Given its fairly humble underpinnings the Audi A3 has a fairly decent stab at being decent to drive, but it’s more about being inoffensive, classy and rounded than focusing on any real dynamism. That’s absolutely fine for the majority of those who will buy it, but others might write it off as merely pretty, well-built transport. Certainly a BMW 1-series is a more entertaining drive - largely thanks to its rear-wheel drive chassis - but the A3 is not without some appeal. There’s quattro four-wheel drive on higher power versions, but they’ll not turn you into Stig (Blomqvist), nor turn the A3 into anything approaching an Ur-Quattro tearing through Kielder.
Audi A3: in detail
- > Performance and 0-60 time - The 187bhp 2.0-litre petrol engine beats the 2-litre TDI to 62mph by 0.6sec, clocking a Golf GTI-rivaling 6.1sec.
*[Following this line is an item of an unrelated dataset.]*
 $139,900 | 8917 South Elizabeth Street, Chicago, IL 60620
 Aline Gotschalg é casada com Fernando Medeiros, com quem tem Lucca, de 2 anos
- > Engine and gearbox - Range now stretches all the way from a dinky 1-litre three-cylinder to 2-litre petrol and diesels. All are frugal and respectably smooth.
- > Ride and handling - Comfort is the best setting for all-round driving, while Dynamic mode does little to improve steering feel.
- > MPG and running costs - 1.6-litre TDIs are the most frugal, but most A3s are fairly economical for their class. The new 1.5-litre TFSI is also available with cylinder-on-demand, which deactivates two cylinders under light throttle loads.
- > Interior and tech - The Audi A3’s interior bests anything in this class in terms of sheer integrity of build. Virtual Cockpit has been a recent introduction.
- > Design - The A3 isn’t a particularly head-turning car, but Audi’s options list offers the potential for customisation.
Prices, specs and rivals
Convergence on pricing between the A3 and its mainstream rivals has been happening for a while now, that is possible thanks to the sheer volume that Audi produces. The A3 range starts at tad over £20,000, while the big selling 1.6TDI starts at £21,790 in SE trim. You’ll need over £32,000 for an S3, however, and the RS3 hyper hatch comes in at another £12,000 on top of that.
The entry-level prices apply to the 3-door model but for the first time in the A3 lineup you can specify a saloon bodystyle, offering an extra 60 litres of load space over the Sportback 5-door. Sitting atop the range in terms of price is the A3 Cabriolet which carries of premium of around £2500 and £7300 over the Saloon and Sportback respectively.
Rivals are obvious, chiefly in the premium sphere coming from Audi’s compatriots BMW and Mercedes-Benz with the 1-series and A-class respectively. The 1-series is the enthusiasts’ choice of the group, partly owing to its rear-wheel drive platform. The A-class is a closer rival to the A3 on cabin quality - it's a bit busier inside but aesthetically appealing in its own way and manages to slip below the £20,000 barrier at its least expensive and most sparse.
Others to consider include the similarly priced Infiniti Q30, and you might see the Lexus CT 200h as a rival to the A3 e-tron electric car, or perhaps the less powerful TDI units. That said, both Japanese marques struggle to match the badge appeal of the Audi. If your you're seriously considering the e-tron, then BMW's i3 should is certainly worth a look. Not as conventional as the Audi perhaps, but as a driving proposition it really is something different offering enjoyable performance like few others.
What’s perhaps surprising to many is the A3 can genuinely be seen as a contender for mainstream offerings like the Ford Focus, VW Golf and many more, the Audi’s higher entry price is more than offset by its greater residual values - allowing for very competitive leasing and finance deals.
Cars like the A3 now come with a base level of specification that’s genuinely comprehensive, but that doesn’t stop Audi offering a hoard of premium options and packs to satisfy any need. All but SE trims get sat nav as standard, with Bluetooth fitted universally across the range. Sport, S line and Black Editions are needed if you want Audi Drive Select for multiple driving modes, and upgraded dual-zone climate control over the standard manual air conditioning.